LONDON (Reuters) - Sainsbury’s (SBRY.L) and Asda, the British supermarket groups that want to combine their businesses, will challenge a refusal by the regulator probing their 7.3 billion pound ($9.2 billion) deal to give them longer to respond to the latest evidence.
The move sent shares in Sainsbury’s down as much as 5.5 percent as it pointed to growing tension between the two companies and the Competition and Markets Authority (CMA) regulator.
Sainsbury’s Chief Executive Mike Coupe had already said last month that the firm would challenge in the courts any unfavourable final ruling by the CMA on the deal if it believed it was not backed up by published evidence.
It is being assessed by the CMA, which has said it will publish preliminary findings in early January, ahead of a final report in March.
Both companies said on Wednesday they will lodge an application with the Competition Appeal Tribunal (CAT) for a judicial review of the CMA’s phase two investigation of the deal, which started in September.
Their application requests a review of the CMA probe’s timetable and process.

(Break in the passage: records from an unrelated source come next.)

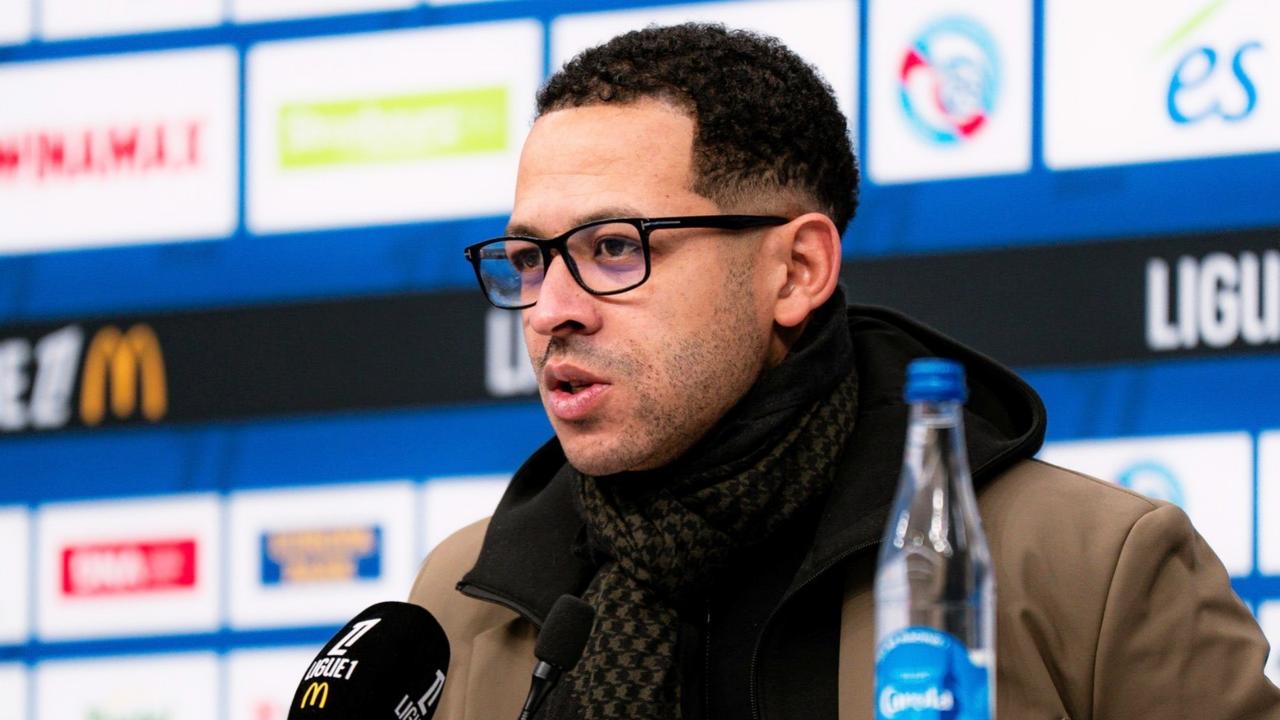 罗马诺报道：罗塞尼尔已抵达伦敦，即将就任切尔西主教练一职。
预计他将在未来24小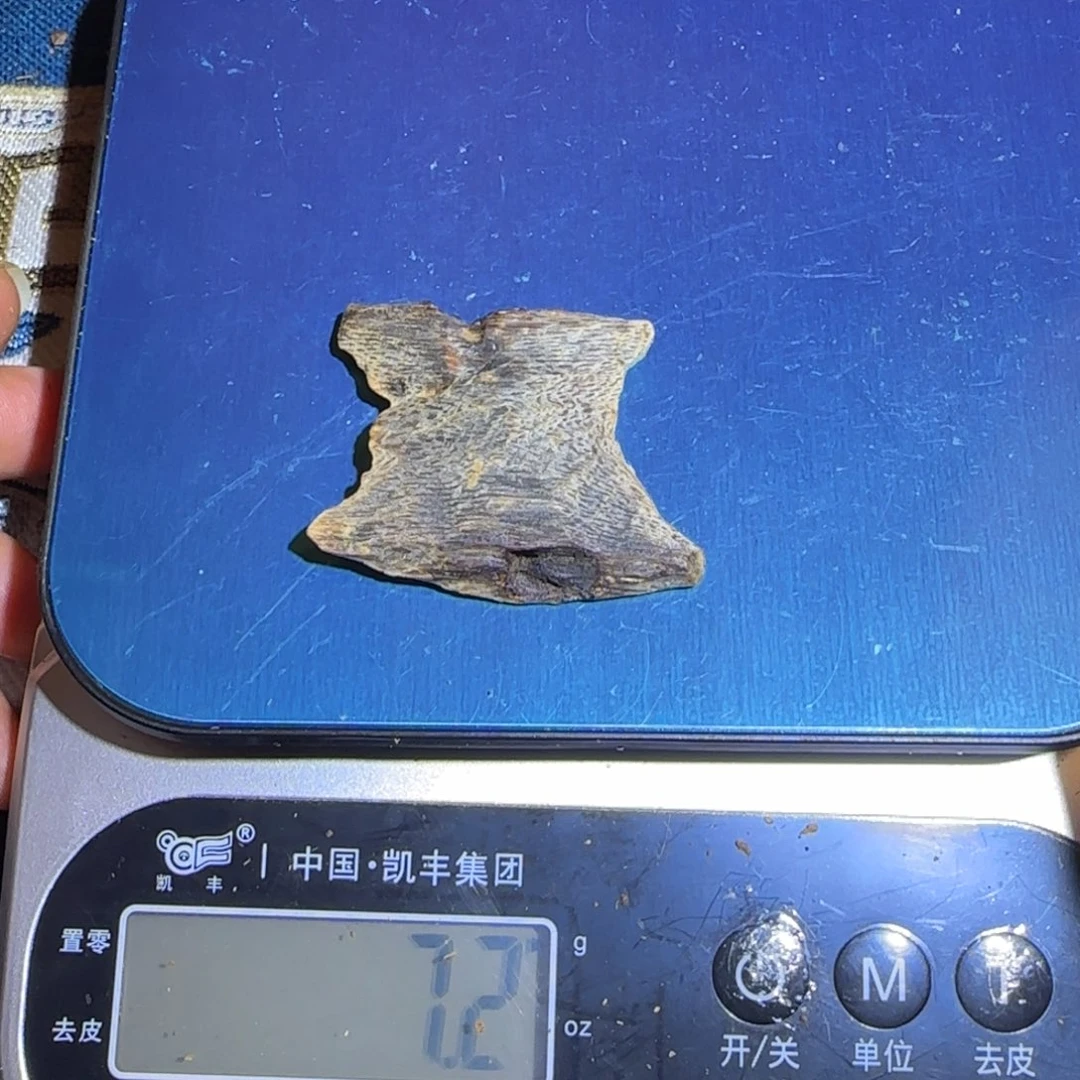 祥***庄沉香沉香碎屑蓝宝石块料7克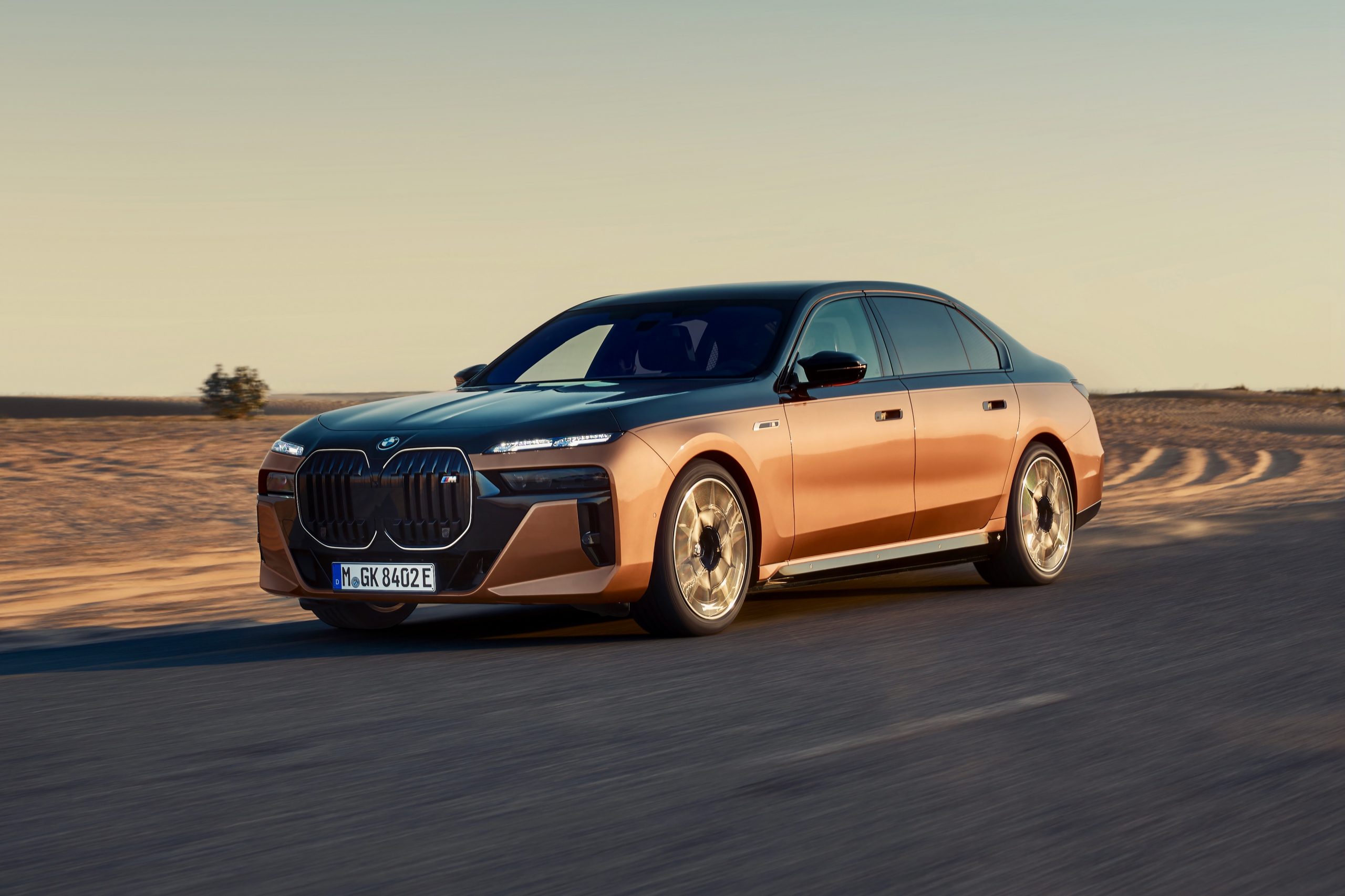 2024 BMW i7 M70 Flagship Limo Revealed DiscoverAuto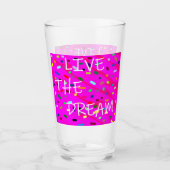 ピンクと色のパターン文字の言葉は夢を生きる タンブラーグラス (正面)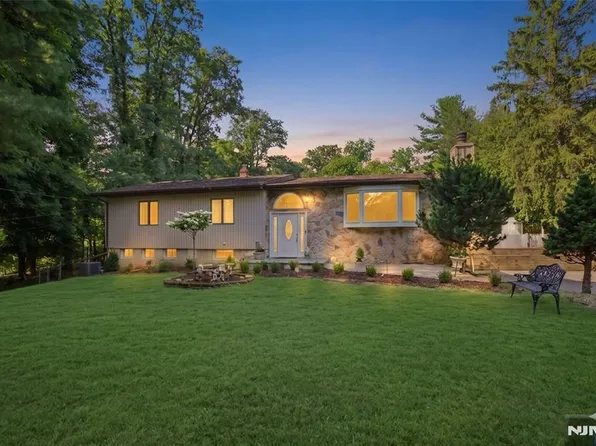 68 Lake St, Upper Saddle River, NJ 07458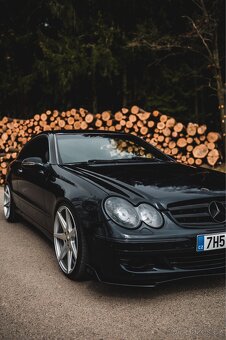 Mercedes Benz CLK - 17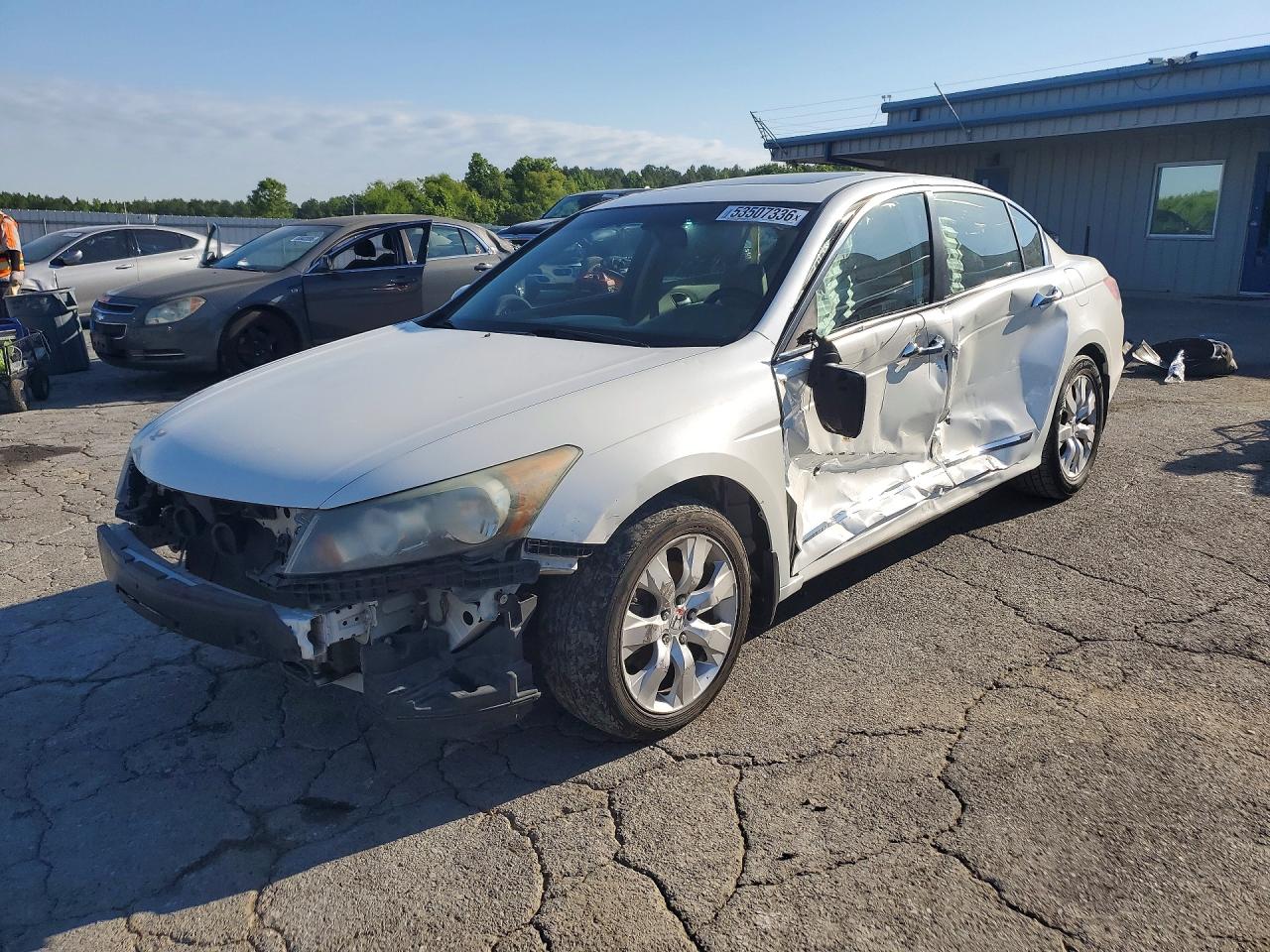 Salvage Honda Accord Image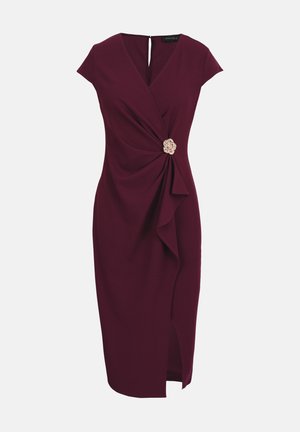 Robe bordeaux longueur genou avec manches courtes, col en V, drapé latéral, et broche florale décorative à la taille.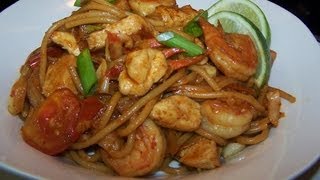 Singapore Street Noodles  A PF Changs Copycat [upl. by Yzeerb]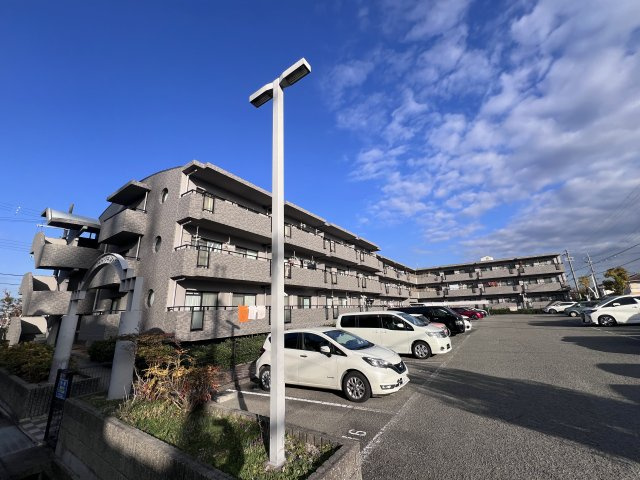 マウンティン・ツーの洋室|5.9帖洋室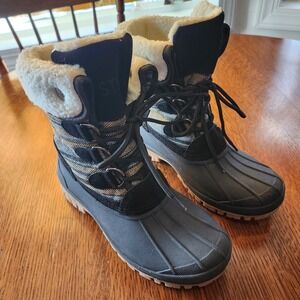 STQ Winter Snow Boots for Women Cold Weather, Black/Stripe, Size 8 - New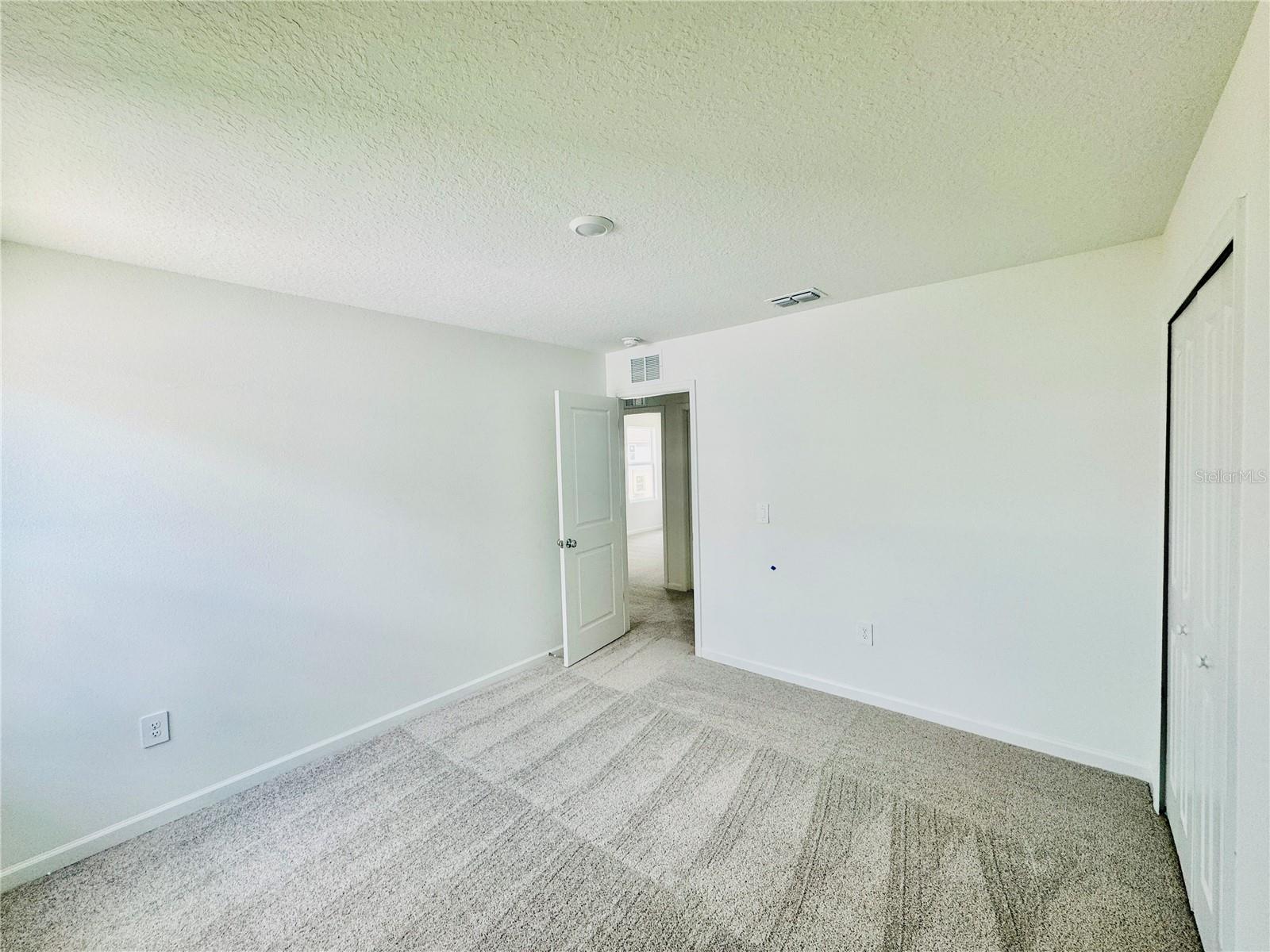 HUNT CLUB AT LAKE WALES PHASE 1 - Residential Lease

“The current timetable does not give the parties or the CMA sufficient time to provide and consider all the evidence given the unprecedented scale and complexity of the case,” Sainsbury’s and Asda said.
Sainsbury’s and Asda have said they do not believe the CMA will insist on a level of store disposals in locations where they both have shops that would make the deal unpalatable.
The companies asked the CMA for an extra 11 working days over the Christmas period to respond to a large amount of material recently provided to them. The CMA declined the request.
Sainsbury’s and Asda feared that without the extension they would not be able to meaningfully respond to some core issues before the CMA’s provisional findings are published.
But the CMA said granting an extension would put its ability to complete the investigation by the required deadline “at very serious risk”.
“As with all of our merger reviews, we construct our timetable to ensure that everyone has the chance to have their say, including customers, the companies involved and suppliers,” it said.
The CMA said its first priority was assessing if customers would face higher prices or a lower quality of service.
Tesco has said the deal should not be cleared without “extensive remedies”, and number four Morrisons (MRW.L) has raised concerns about an “effective duopoly” - Tesco and Sainsbury’s-Asda - controlling in excess of 60 percent of the market.